One central proposition of Sierra's work is that the gallery visitor is prompted to confront his or her own role in the perpetuation of inequity and oppression: What cause could there be for imposing such discomfort on the workers, except to present this situation to an audience? It's not just the institution; the visitor is the root cause of this exploitation. In order to do this, Sierra not only foregrounds the economic transaction, he also makes it explicit that the job required will be painful and is only available to people of a more marginalized racial group.
In contrast, by playing down the role of race and downplaying the potential negativity of his participants' experiences, Ripps makes it less obvious to the viewer that inequity is in fact being perpetuated, and many have argued that his actions were not unethical. Thus, the work can't be defended on the basis that it reminds the viewer of their complicity. If measured by the standard of Sierra's work, it is a miserable failure.
To be perfectly clear, giving this project positive attention, and to some extent any attention at all, does make one complicit in Ripps' unethical actions. I'd rather not write about it, because this makes us even more involved, but it became necessary to do so because we are already complicit in the attention this project has received, thanks to our support of his earlier work and our public statements on Twitter yesterday, in response to requests for comment.

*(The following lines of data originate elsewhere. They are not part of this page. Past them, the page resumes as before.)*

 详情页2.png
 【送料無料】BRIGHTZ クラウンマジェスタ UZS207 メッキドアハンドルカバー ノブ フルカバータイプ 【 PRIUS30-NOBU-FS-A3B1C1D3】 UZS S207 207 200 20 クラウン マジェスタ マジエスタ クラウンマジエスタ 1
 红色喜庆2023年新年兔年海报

I once tweeted that no one understands the "biopolitics of branding" better than Ripps, in other words, that he understands the way that brands get inside you. Someone who understood the biopolitics of branding should understand that, as a curator and writer who has previously bought into and supported on a personal and organizational level, the brand of Ryder Ripps became a part of me and of Rhizome, and our public knows this. In fact, our support for Ripps' earlier work, most recently with a prominent nomination in the Prix Net Art, is one small reason why people have felt all fucked up about his project for the past few days. ART WHORE essentially forced us into taking a position. On the one hand, silence, which would be (and was) interpreted as tacit approval of the project; on the other, public disavowal of the work.

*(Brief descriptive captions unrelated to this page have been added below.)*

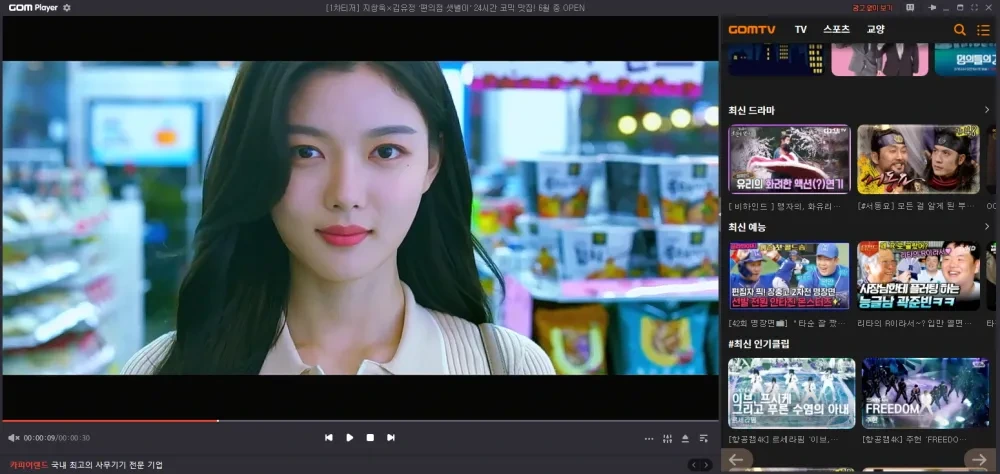 곰플레이어 다운로드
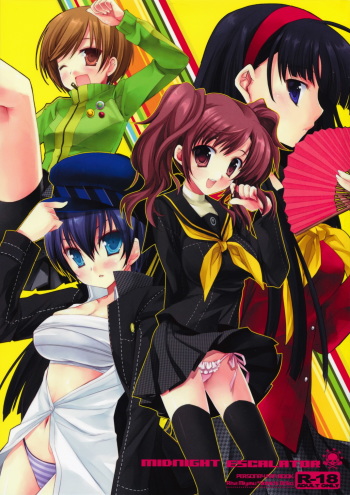 (SC41)  [D.N.A.Lab., ARESTICA (Ariko Youichi, Miyasu Risa)] MIDNIGHT ESCALATOR (Persona4) cover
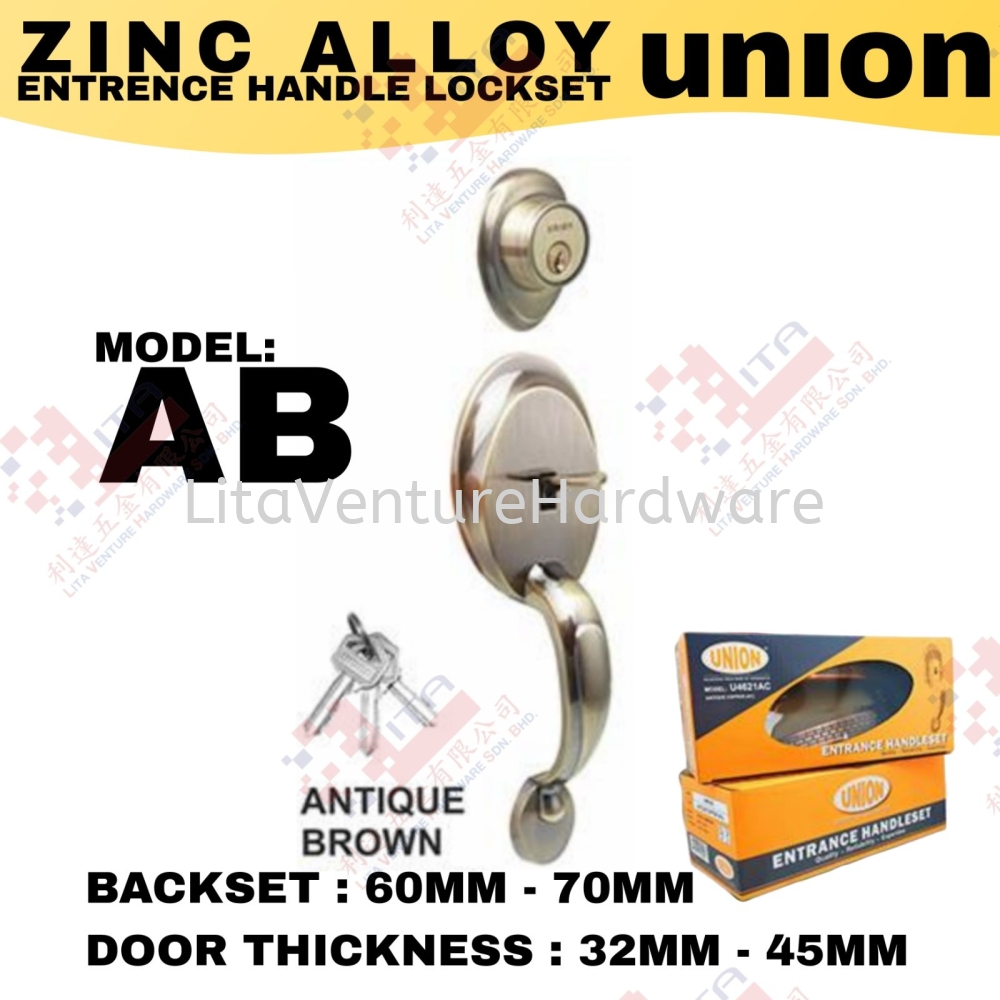 UNION BRAND ENTRENCE HANDLE LOCKSET - AB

If the project was intended as an elaborate troll, which is the most generous possible interpretation, then it was still not interesting. A more nuanced troll would have forced us to confront contradictions in our own position, making it difficult to make any statement at all. The lines drawn by Ripps' project are just a little too clear; we have little doubt about our own position, and binary opposition seems like the only possible result.

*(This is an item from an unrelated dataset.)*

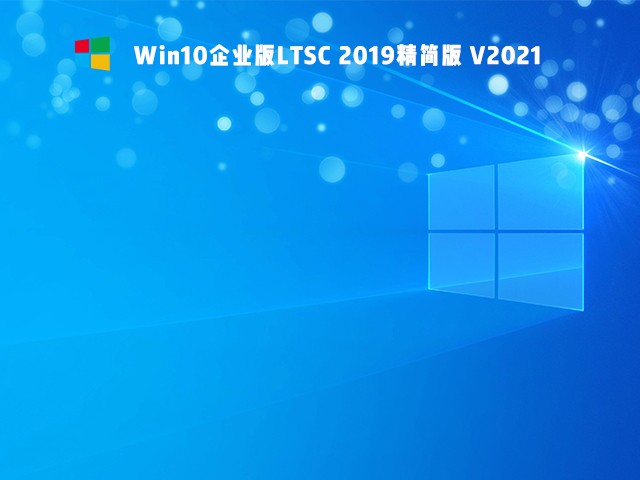 Win10 Ltsc版和普通版有什么区别?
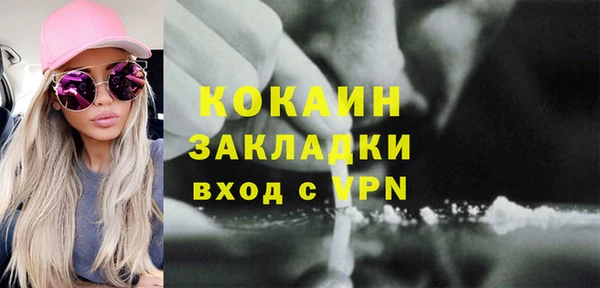 MDMA Вязьма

Right now, we are seeing a crisis resulting from the perceived erosion of the internet (and of technology in general) as a white male-dominated space. The effort to police that space in subtle ways or via outright harassment in order to retain control will inevitably fail, but it is already clear that the effort to foster an internet culture that supports a diversity of digital experience will take persistence over years, in the face of bitter opposition.
Fraser offers us a glimpse of how bitter arguments can suddenly open up into moments of possibility, yielding real social change. In the meeting that came to life again in her performance, antagonistic viewpoints were expressed, voices were raised, names were called, people were ejected forcibly. And yet, in the end, something happened that made things a little less unjust in the Crescent City, and the vote was unanimous. I still get chills thinking about it.
Update: A previous version of this article incorrectly stated that Ripps did not appear on camera; as corrected above, he did not appear in still documents, but he was prominent in a webcam stream.